La peor respuesta a este reto a la unidad del Estado español la protagoniza Rajoy. Escenas como la de ayer no son de recibo en la Unión Europea. Ninguno de sus estados apoya la secesión, pero todos cuestionan la represión policial y penal a la que se entregan con fruición desde los ministerios de Justicia e Interior. Basta con leer atentamente las informaciones publicadas en el diario Público hoy mismo, firmadas por Carlos Bayo y Patricia López, para poder calibrar bien el grado de irresponsabilidad política de todos los ministros que las encargan o encargaron. La operación Cataluña, dirigida desde las cloacas de la Castellana, es un bumerán que estalla en el rostro de Soraya Saénz de Santamaría en su papel de una polí buena en Cataluña. Mientras ella tiende su pulcra mano, se la llenan de mierda a los que pueden cogérsela en Barcelona.

No es casual que Juán Luis Cebrián- un periodista que continúa el régimen de 1939 en el régimen de 1978- pida a gritos, con ademanes similares a aquel otro Cebrián que dirigía el diario Arriba bajo Franco, la aplicación del artículo 155 de la Constitución que suspendería la autonomía catalana. Ni la más mínima voluntad política de explorar una salida democrática, como sería la transferencia de las competencias en materia de consultas populares del Congreso de los Diputados al parlamento catalán, ni por supuesto abordar el problema de la financiación, pese a que alguno de los suyos, como Mariano Gomá que preside una entidad social adversaria a la Generalitat, como es Sociedad Civil Catalana, afirmase ayer en La Vanguardia “no sé si se tiene que diseñar un nuevo modelo, pero sí que hay que resolver y mejorar la financiación catalana”.

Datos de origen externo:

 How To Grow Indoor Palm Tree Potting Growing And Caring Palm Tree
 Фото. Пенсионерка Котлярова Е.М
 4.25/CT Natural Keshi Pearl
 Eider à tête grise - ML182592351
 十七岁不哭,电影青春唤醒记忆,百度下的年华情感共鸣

Rajoy se encuentra atado de manos por Aznar y de pies por Susana Díaz. Ayer mismo Franquito volvía a envolver los recortes sociales, como retrasar la edad de jubilación hasta los 70 años, con la cuestión catalana, sumándose a la propuesta de Juan Luis Cebrián sobre la suspensión autonómica catalana. Paralelamente, el vergonzante nacionalsocialismo de la lideresa andaluza le impediría, si llegara a planteárselo, el más mínimo ajuste en la financiación territorial. Cogidos de la mano, Juan Mari y Susana, se lanzarían a la yugular de la Gran Coalición, si los partidos a los que son afines, PP y PSOE, tuviesen alguna tentación de enfocar democráticamente la cuestión histórica de Cataluña. Falta minuto y medio para escuchar de nuevo aquella siniestra definición, vigente oficialmente hasta 1959, que denominaba a Cataluña y Guipúzcoa como provincias traidoras. Los recortes sociales e intereses creados bien valen un aquelarre catalán.

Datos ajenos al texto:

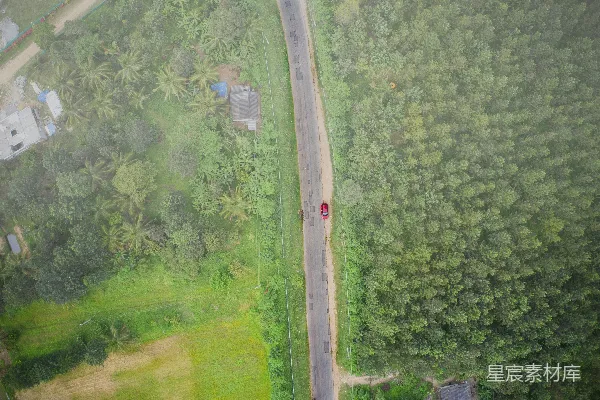 高清摄影 空中俯瞰绿色树木和草地的场景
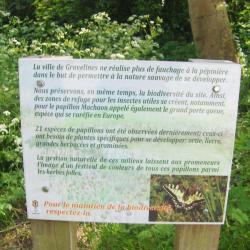 La Pépinière
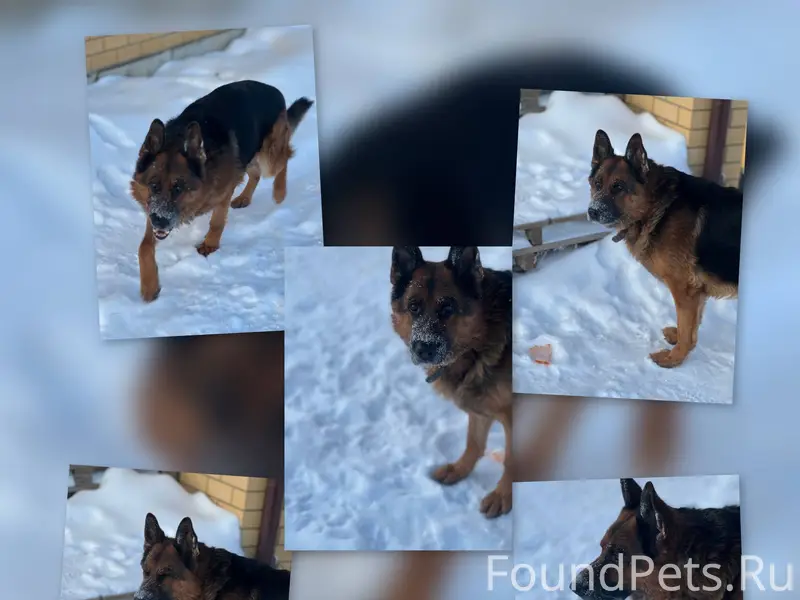 Пропал пес,6.02 в 15...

Al fin y al cabo, calcula Rajoy, todo son beneficios para el convento de la derecha. El choque de trenes le ayuda a mantenerse electoralmente en la Moncloa tanto como a Puigdemont en San Jaume, a Urkullu en Ajuria Enea y a Susana Díaz en San Telmo. Con la agitación de todas las banderas– rojigualda, cuatribarrada, bicrucífera y  verdiblanca– tratan de que los ciudadanos en Madrid, Barcelona, Bilbao o Sevilla no voten como tales sino únicamente como españoles, catalanes, vascos y andaluces. Mediante esta dialéctica perversa, se busca hoy entrecruzar la lucha de los de abajo contra los de arriba, protagonizada por el creciente rechazo social a la Gran Coalición que reparte miseria, con una lucha de los separatistas contra los separadores a lo largo de España. El patriotismo, bien lo decía Juan de Mairena, es siempre el último refugio de los canallas.